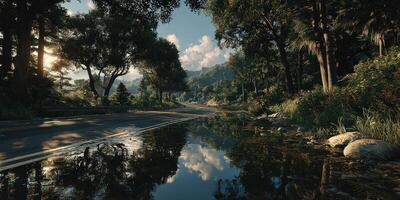 Scenic landscape featuring a winding road and reflective water amidst lush greenery during golden hour photo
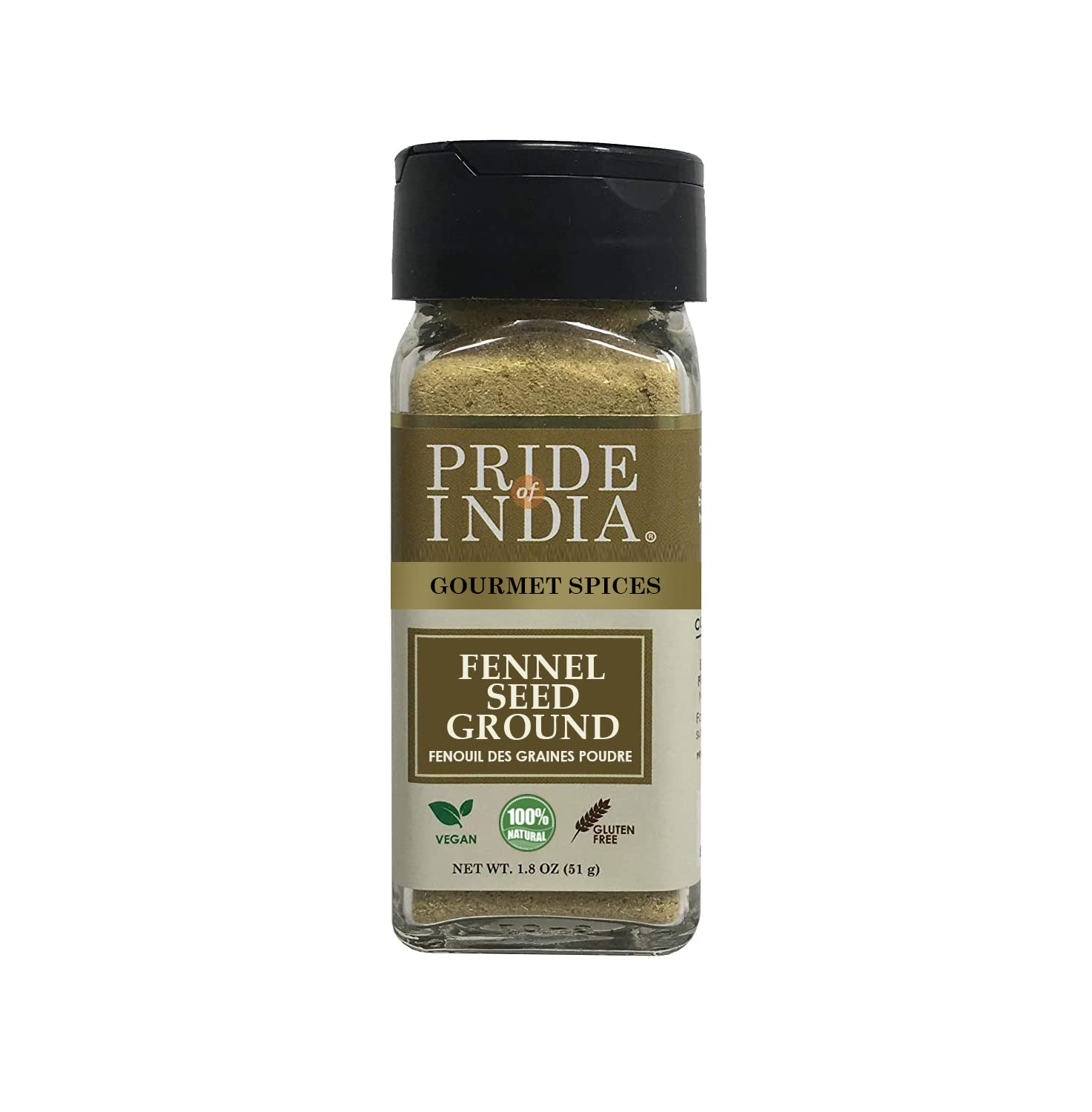 Pride Of India Fennel Seed Ground Spice - Natural & Gourmet - 1.8 oz Small Dual Sifter Jar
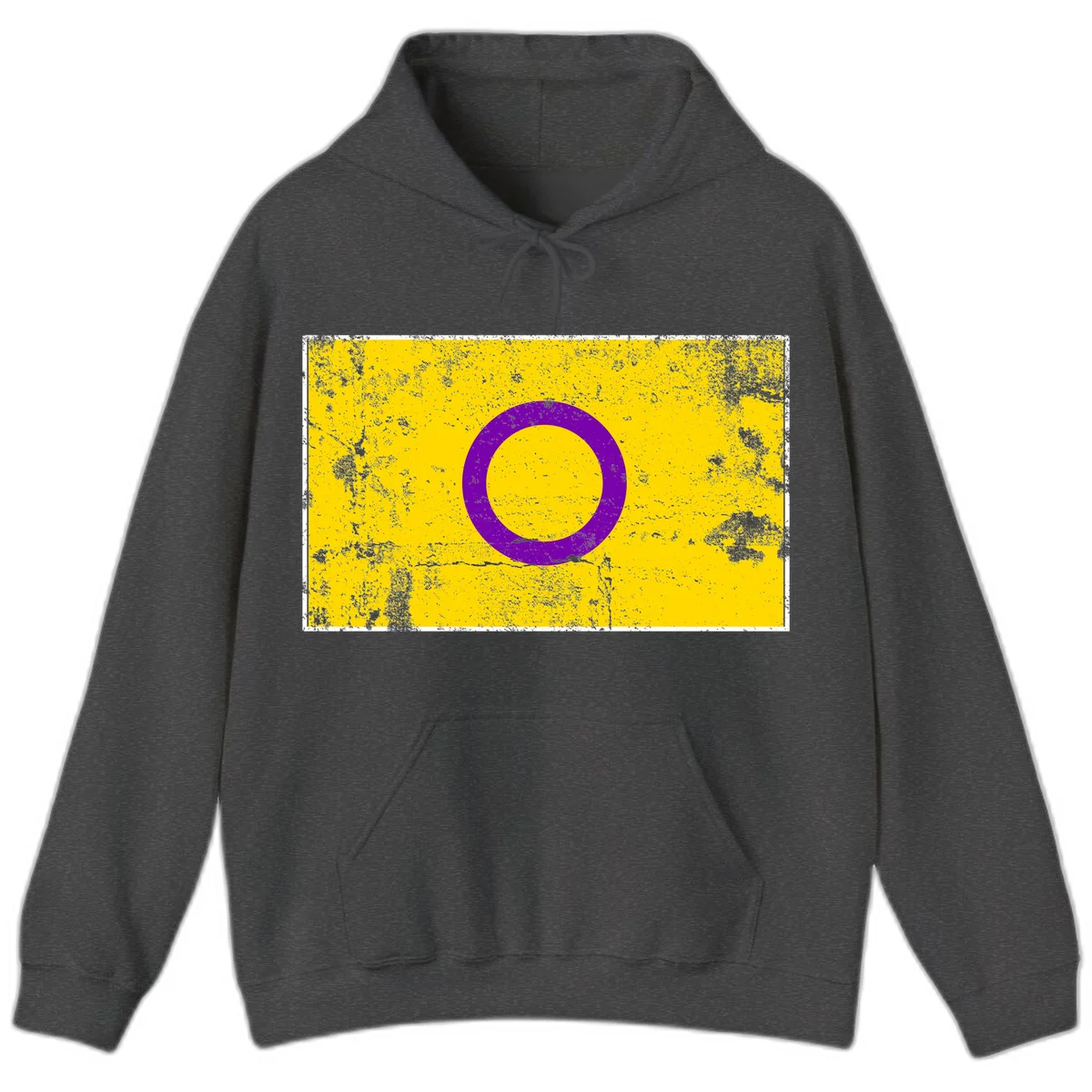Purple circle ring on yellow background with distressed grunge texture overlay, minimalist geometric design in Dark Heather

- - - - - - -

Please produce an exact copy of the listing, omitting the pictures.

 Scenic landscape featuring a winding road and reflective water amidst lush greenery during golden hour photo
 Pride Of India Fennel Seed Ground Spice - Natural & Gourmet - 1.8 oz Small Dual Sifter Jar
Purple circle ring on yellow background with distressed grunge texture overlay, minimalist geometric design in Dark Heather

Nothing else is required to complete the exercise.